Microsoft.UI.Reactor's documentation contains code examples and screenshots that go stale as the framework evolves. When APIs change, docs show code that no longer compiles and screenshots that no longer match reality. Keeping them in sync manually is unsustainable.

Goal

A "compilable documentation" system where:

  1. Every code snippet in the docs is extracted from a real, building, running app
  2. Every screenshot is captured from a live Reactor app window
  3. Prose is AI-authored by default, steered by a goal in each template
  4. Running mur docs compile produces final documentation with everything up to date
  5. CI can enforce that docs stay in sync with the framework

Architecture Overview

docs/
  _pipeline/
    apps/                        ← Doc sample apps (source of truth)
      getting-started/
        App.cs                   ← Minimal Reactor app with snippet markers
        doc-manifest.yaml        ← Screenshot regions, window size, delays
        getting-started.csproj
      commanding/
        App.cs
        doc-manifest.yaml
        commanding.csproj
    templates/                   ← Doc templates (human + AI authored)
      getting-started.md.dt      ← Markdown with snippet/screenshot directives
      commanding.md.dt
  guide/                         ← Compiled docs (generated, not hand-edited)
    getting-started.md
    commanding.md
    images/
      getting-started/
        hero.png
        state-example.png
      commanding/
        standard-commands.png

1. Doc Apps

Each documentation topic has a dedicated app in docs/_pipeline/apps/. These are minimal Reactor apps whose only purpose is to provide working code examples and screenshot targets.

Structure

docs/_pipeline/apps/{topic}/
  App.cs                   ← Single-file Reactor app
  doc-manifest.yaml        ← Metadata for doc compilation
  {topic}.csproj           ← Standard Reactor project file

Snippet Markers

Code that should be extracted into docs is bracketed with comment markers:

// <snippet:creating-a-button>
var button = Button("Click me", () => count++);
// </snippet:creating-a-button>

// <snippet:using-state>
var (count, setCount) = UseState(0);
var (name, setName) = UseState("World");
// </snippet:using-state>

Rules:

  • Snippet IDs are globally unique across all doc apps (scoped by {topic}/{id})
  • Snippets can be nested (outer snippet includes inner snippet code)
  • Snippet markers are stripped from extracted code
  • Leading common indentation is trimmed in the extracted output

App Manifest (doc-manifest.yaml)

app:
  title: "Getting Started"
  width: 800
  height: 600
  theme: light              # light | dark | both (captures both themes)
  startup-delay: 2000       # ms to wait after launch before first capture

screenshots:
  - id: hero
    description: "Full app window"
    region: full             # full | client | custom
    format: png

  - id: state-example
    description: "Counter after clicking"
    region: custom
    bounds: { x: 20, y: 100, width: 400, height: 200 }
    format: png
    setup:                   # Optional: actions to perform before capture
      - click: "Click me"   # Future: simple automation DSL
      - wait: 500

  - id: dark-mode-hero
    description: "Full app in dark theme"
    region: full
    theme: dark
    format: png

snippets:                    # Optional: override snippet extraction settings
  trim-namespace-usings: true
  max-lines-warning: 30     # Warn if a snippet exceeds this length

App as Test

Every doc app is implicitly a test.

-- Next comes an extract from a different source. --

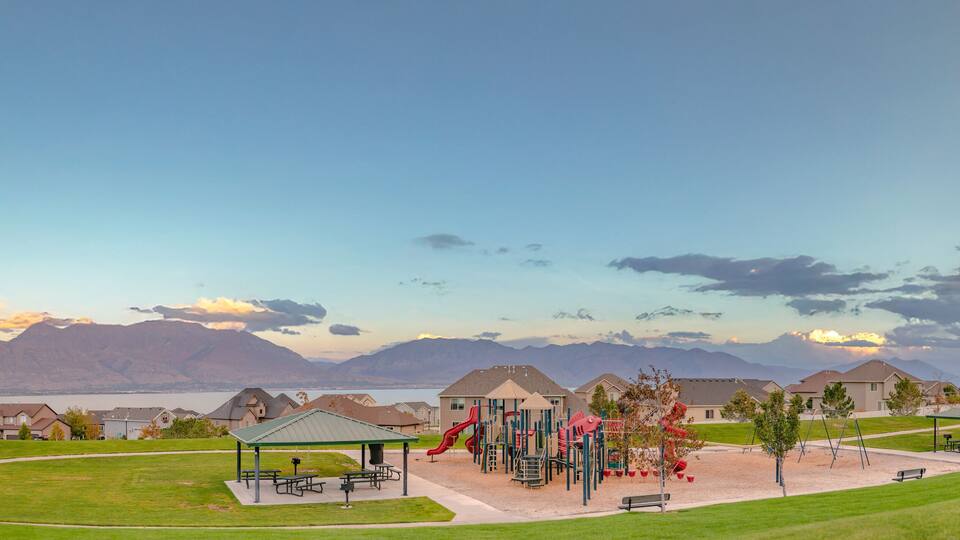 A playground with slides and swings, a picnic area, and houses in the background with mountains and a lake.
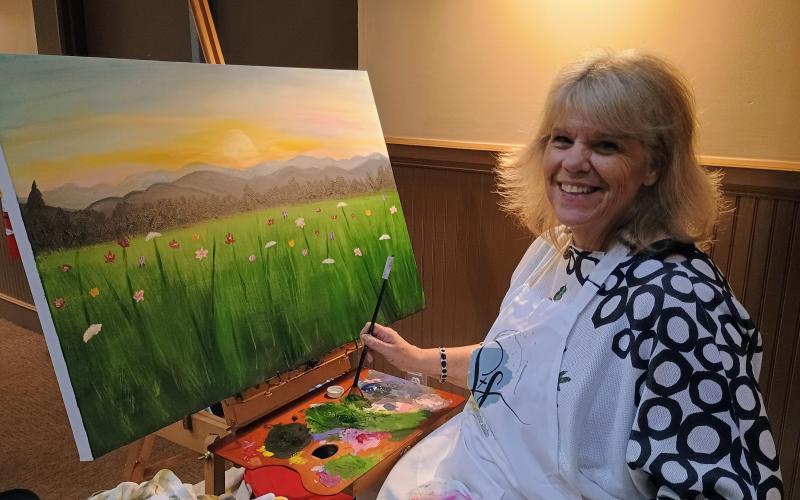 Megan Horn/The Clayton Tribune. Tracy McCoy live paints a sunny pasture of flowers during the Rabun Paws 4 Life event last Saturday. The painting was then sold during the live auction at the end of the night. Local artist Ali Wilkins was also seen live painting during the Fur Ball. Her painting of a dog on a lake with a boat in the background sold during the live auction. Parker Gonzalez, 19, also painted portraits of attendee’s animals during the Fur Ball to benefit the cause.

The compile pipeline:

  1. Builds the app (dotnet build)
  2. Launches it (dotnet run)
  3. Waits for the startup delay
  4. Verifies the window appeared and is responsive
  5. Captures screenshots
  6. Shuts down the app

If any step fails, the doc compile fails — guaranteeing that every snippet comes from working code.


2. Doc Templates

Templates live in docs/_pipeline/templates/ with a .md.dt extension ("doc template"). They are Markdown files with directives that reference snippets and screenshots.

Snippet Directive

Injects a code block extracted from a doc app:

```csharp snippet="getting-started/creating-a-button"
```

The compiler replaces this with the extracted code:

```csharp
var button = Button("Click me", () => count++);
```

Options:

```csharp snippet="getting-started/using-state" title="Managing state with UseState"
```

Adds a comment header above the code block in the compiled output.

Screenshot Directive

Injects a screenshot captured from a running doc app:

![Getting started hero](screenshot://getting-started/hero)

The compiler replaces the screenshot:// URL with a relative path to the generated image:

![Getting started hero](images/getting-started/hero.png)

AI-First Authoring Model

The AI writes the entire document by default. The template is a prompt — not a partially-authored draft. The AI is given the full set of available snippets, screenshots, and framework knowledge, and produces the complete doc.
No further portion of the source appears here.